# Boot manager (setup question)



## djj624 (Aug 12, 2011)

When you boot bm for the first time it asks you to setup a phone Rom. No problem I did that, but now I'm on a different Rom not through bm, and I want to make it my new phone rom. I just can't figure out how to setup the new phone Rom, I tried uninstalling and reinstalling bm with no luck. Anyone have any ideas?

Sent from my ADR6400L using Tapatalk


----------



## elmer1500 (Oct 7, 2011)

You can't install a phone rom from a slot in Bootmanager. If you want to change your phone rom you need to flash the rom, then reinstall Bootmanager and make it your phone rom.

Sent from my ADR6400L using Tapatalk


----------



## djj624 (Aug 12, 2011)

That's what I'm trying to do. I installed liquid vigor sense through recovery not bm. I wanted to make it my new phone rom, but already figured it out. I guess when I un installed and reinstalled bm the first time it didn't work, did it again then it worked .

Sent from my ADR6400L using Tapatalk


----------



## rpz3.14 (Jul 22, 2011)

You can also hit the "Setup Phone" button on the Phone ROM screen. It'll ask you if you want to setup this ROM as the phone rom, and you can confirm.


----------



## djj624 (Aug 12, 2011)

Tried the setup phone button first with no luck. After using the setup phone button with the new rom (was leery when it loaded in under a second). When I loaded up a different rom from bm then tried to boot back to the phone rom it gave me a phone rom error.

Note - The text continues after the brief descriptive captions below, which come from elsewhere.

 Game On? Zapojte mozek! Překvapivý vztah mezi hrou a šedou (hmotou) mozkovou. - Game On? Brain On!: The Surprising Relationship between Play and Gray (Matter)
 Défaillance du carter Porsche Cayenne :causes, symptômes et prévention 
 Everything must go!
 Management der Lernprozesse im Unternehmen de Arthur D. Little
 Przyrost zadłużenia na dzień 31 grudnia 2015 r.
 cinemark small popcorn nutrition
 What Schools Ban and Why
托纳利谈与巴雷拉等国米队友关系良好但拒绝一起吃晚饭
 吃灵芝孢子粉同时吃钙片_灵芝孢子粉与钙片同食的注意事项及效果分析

Sent from my ADR6400L using Tapatalk


----------



## Patrick A. (Oct 6, 2011)

It might have been the licence check that caused the error.

Sent from my Rooted Thunderbolt using RootzWiki!


----------



## djj624 (Aug 12, 2011)

Either way I got it all figured out by un and reinstalling a second time. Working great now. Thanks for the fast replys. Much appreciated

Sent from my ADR6400L using Tapatalk


----------